Your assignment: Copy every entry verbatim and skip the pictures.

═══ Input material

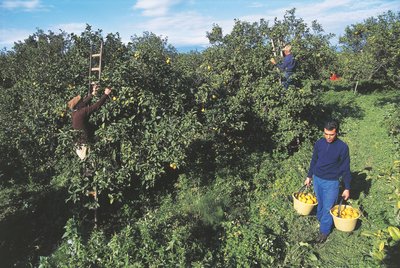 Bergamotte-Ernte, Kalabrien, Italien von Unbekannt Unbekannt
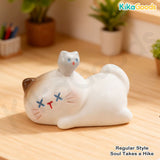 Kitten Everywhere Series Mini Bean Blind Box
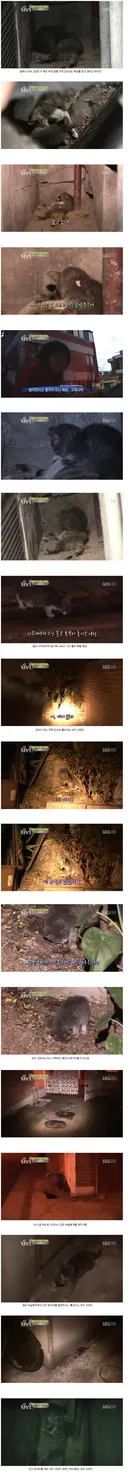 죽은 엄마 곁을 떠나지 않는 새끼 고양이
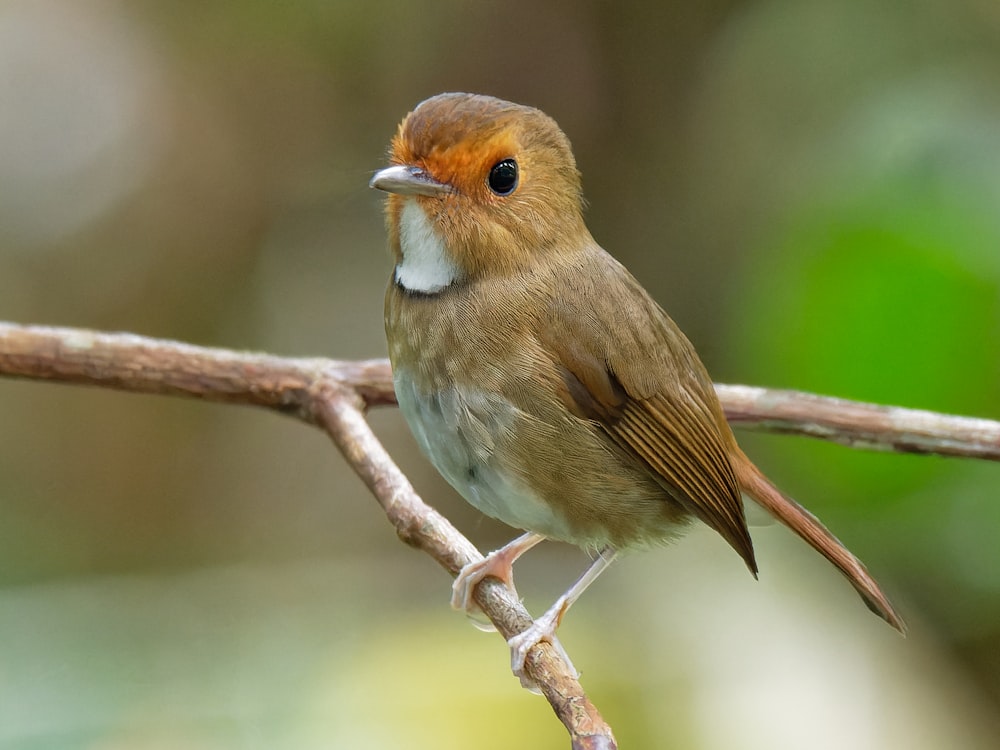 a small brown bird sitting on a tree branch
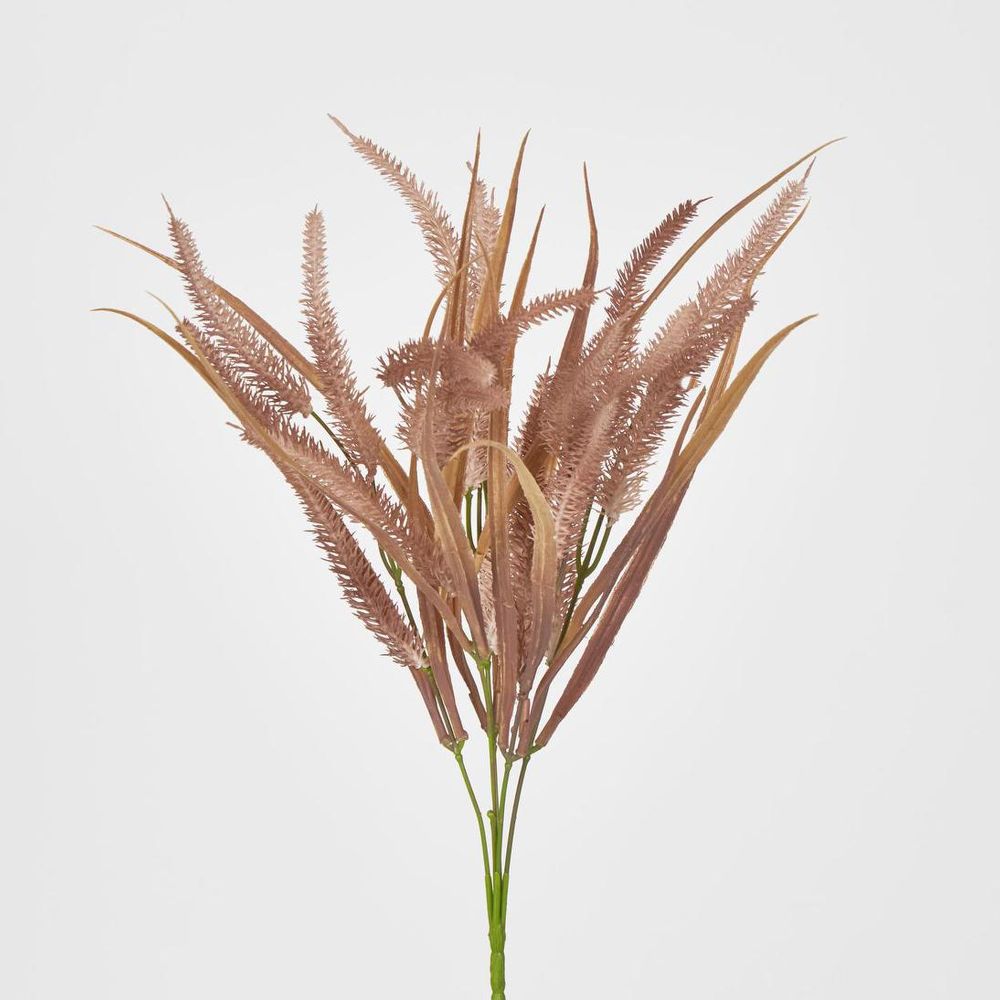 Pampas Grass Bush Pink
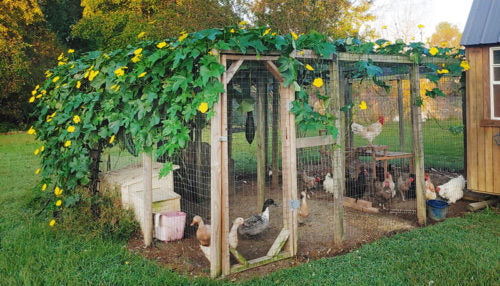 Chicken Run Ideas: Growing Luffa as a Simple Shade and Wind Block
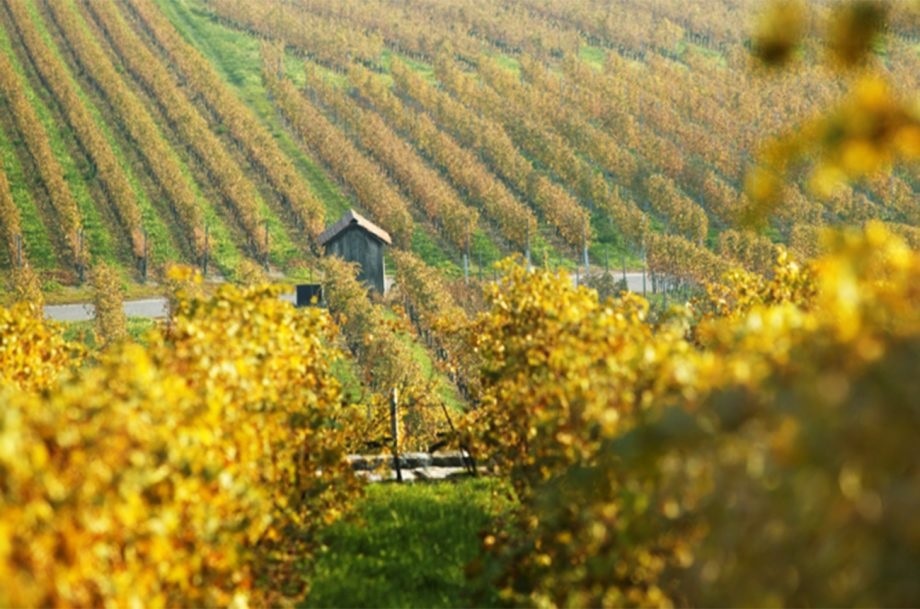 ruou vang,  Thuy Si,  Verbier anh 6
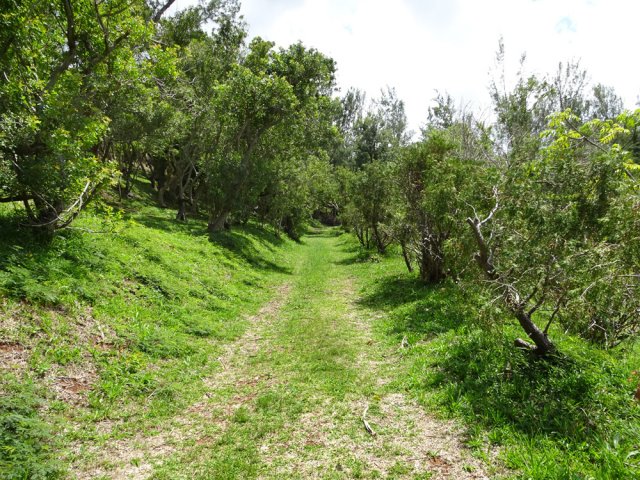 La piste herbeuse menant au cimetière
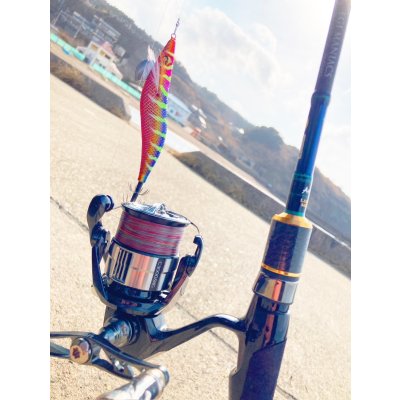 画像6: X8-PE 0.5-210m 【Vertical Eyes】SS×R×Y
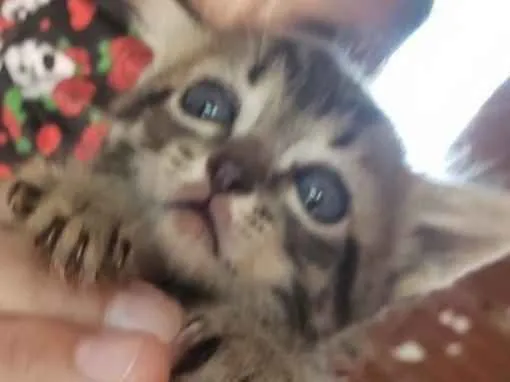 Gato ra a SRD idade Abaixo de 2 meses nome Sam 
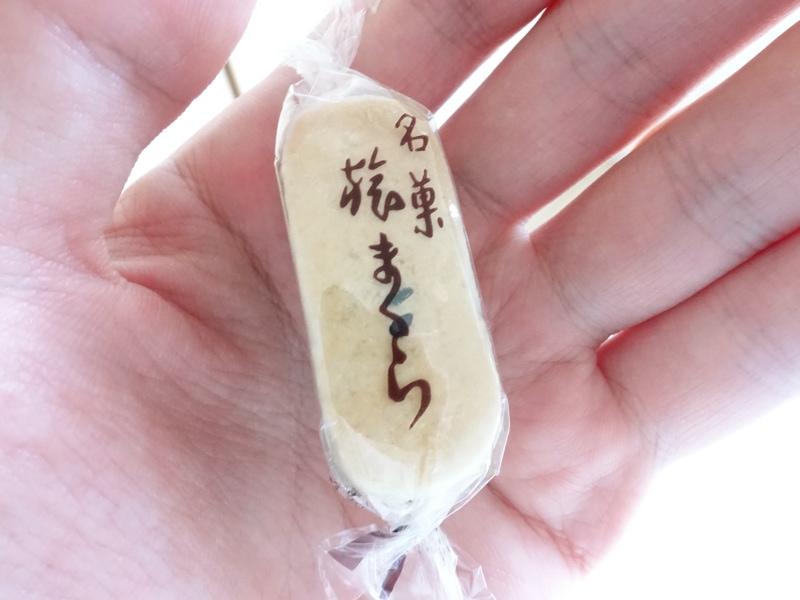 旅まくら1個を手に取ってみた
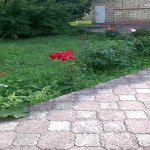 Kirayə (günlük) 2 otaqlı Həyət evi/villa, Nərimanov rayonu 3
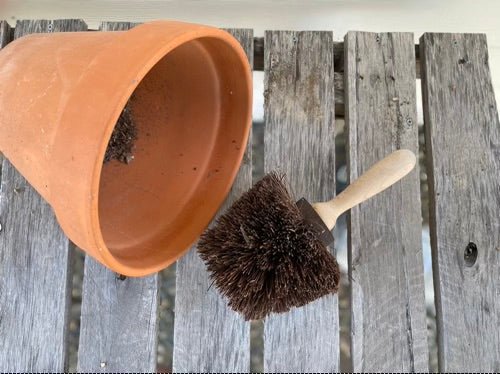 Flower Pot Brush - Made in Germany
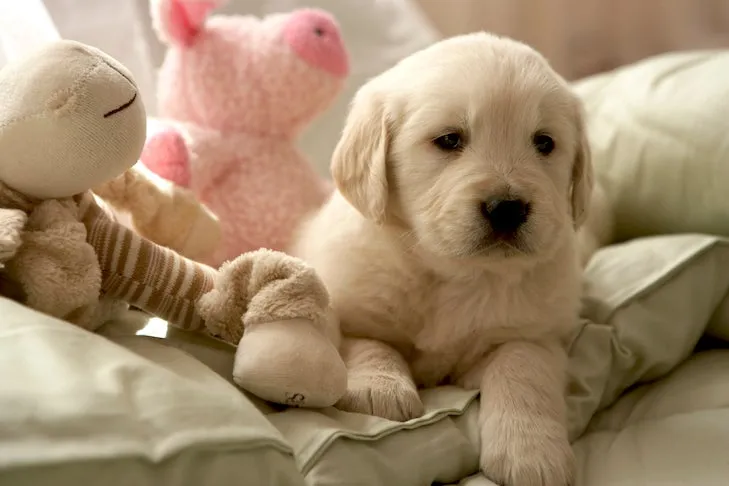 Golden Retriever puppy relaxing on a sofa, representing the joys and expenses of a new dog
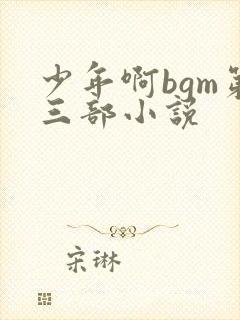 少年啊bgm第三部小说封面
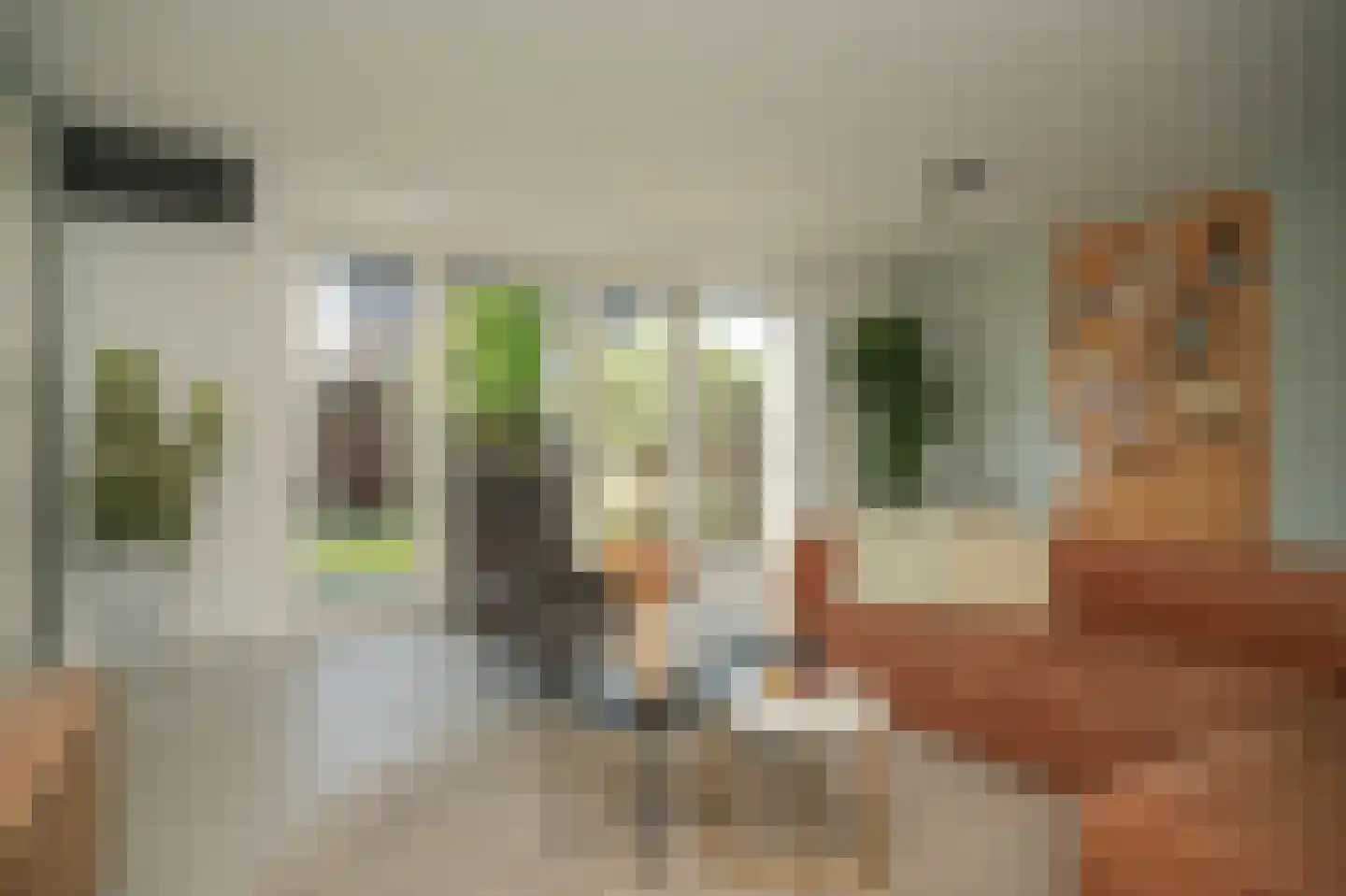 Thijs de Torenwachterstr 6 Zaltbommel thumbnail 11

══════

Response box:
 Bergamotte-Ernte, Kalabrien, Italien von Unbekannt Unbekannt
 Kitten Everywhere Series Mini Bean Blind Box
 죽은 엄마 곁을 떠나지 않는 새끼 고양이
 a small brown bird sitting on a tree branch
 Pampas Grass Bush Pink
 Chicken Run Ideas: Growing Luffa as a Simple Shade and Wind Block
 ruou vang,  Thuy Si,  Verbier anh 6
 La piste herbeuse menant au cimetière
 画像6: X8-PE 0.5-210m 【Vertical Eyes】SS×R×Y
 Gato ra a SRD idade Abaixo de 2 meses nome Sam 
 旅まくら1個を手に取ってみた
 Kirayə (günlük) 2 otaqlı Həyət evi/villa, Nərimanov rayonu 3
 Flower Pot Brush - Made in Germany
 Golden Retriever puppy relaxing on a sofa, representing the joys and expenses of a new dog
 少年啊bgm第三部小说封面
 Thijs de Torenwachterstr 6 Zaltbommel thumbnail 11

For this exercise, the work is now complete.